Can someone explain this template code that gives me the size of an array? [duplicate]
Well, first you have to understand that trying to get a value out of an array can give you a pointer to its first element:
int a[] = {1, 2, 3};
int *ap = a; // a pointer, size is lost
int (&ar)[3] = a; // a reference to the array, size is not lost
References refer to objects using their exact type or their base-class type. The key is that the template takes arrays by reference. Arrays (not references to them) as parameters do not exist in C++. If you give a parameter an array type, it will be a pointer instead. So using a reference is necessary when we want to know the size of the passed array. The size and the element type are automatically deduced, as is generally the case for function templates.

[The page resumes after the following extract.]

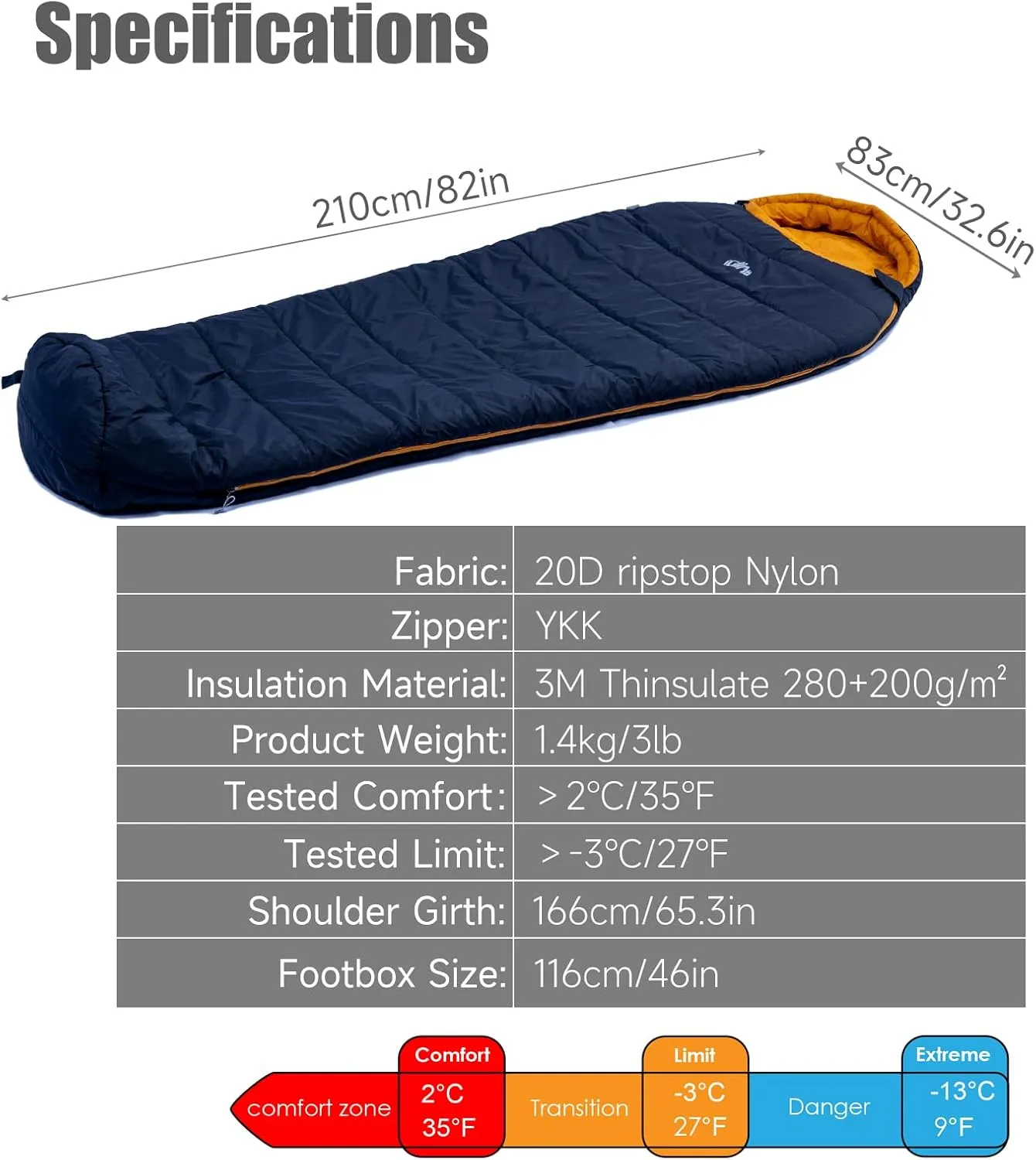 iClimb 3M Thinsulate Insulation Mummy Sleeping Bag with Compression Sack Ultralight Compact Warm Washable for Adults Indoor Outdoor Backpacking Camping Hiking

The following template
template<typename T, size_t n>
size_t array_size(const T (&)[n]) {
return n;
}
Called with our previously defined array a
will implicitly instantiate the following function:
size_t array_size(const int (&)[3]) {
return 3;
}
Which can be used like this:
size_t size_of_a = array_size(a);
There's a variation I made up some time ago [Edit: turns out someone already had that same idea here] which can determine a value at compile time. Instead of returning the value directly, it gives the template a return type depending on n
:
template<typename T, size_t n>
char (& array_size(const T (&)[n]) )[n];
You say if the array has n
elements, the return type is a reference to an array having size n
and element type char
. Now, you can get a compile-time determined size of the passed array:
size_t size_of_a = sizeof(array_size(a));
Because an array of char
having n
elements has sizeof n
, that will give you the number of elements in the given array too. At compile time, so you can do
int havingSameSize[sizeof(array_size(a))];
Because the function never is actually called, it doesn't need to be defined, so it doesn't have a body. Hope I could clear the matter up a little bit.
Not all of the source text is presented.